◆ Data to examine
•••

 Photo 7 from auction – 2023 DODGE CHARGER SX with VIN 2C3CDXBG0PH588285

•••

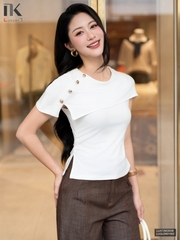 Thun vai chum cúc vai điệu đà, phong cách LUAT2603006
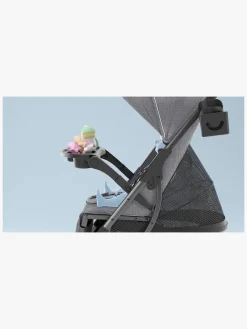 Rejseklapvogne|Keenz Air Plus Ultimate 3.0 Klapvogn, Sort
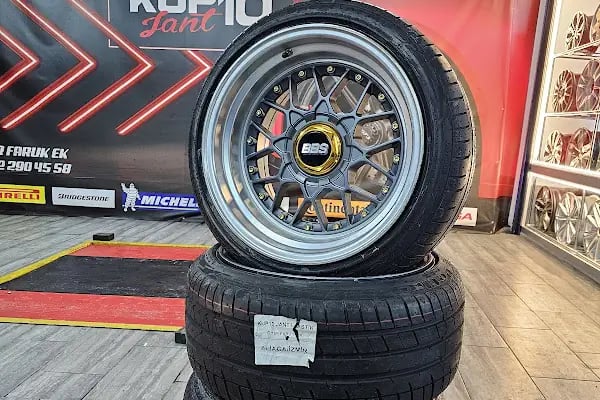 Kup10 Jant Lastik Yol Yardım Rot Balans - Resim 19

•••

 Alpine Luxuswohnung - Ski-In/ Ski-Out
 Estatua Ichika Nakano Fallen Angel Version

•••

The copy should hold only the lines from the one with "Rejseklapvogne|Keenz Air Plus" through the one with "Kup10 Jant Lastik", exactly as they stand above. Leave out the pictures.

 Rejseklapvogne|Keenz Air Plus Ultimate 3.0 Klapvogn, Sort
 Kup10 Jant Lastik Yol Yardım Rot Balans - Resim 19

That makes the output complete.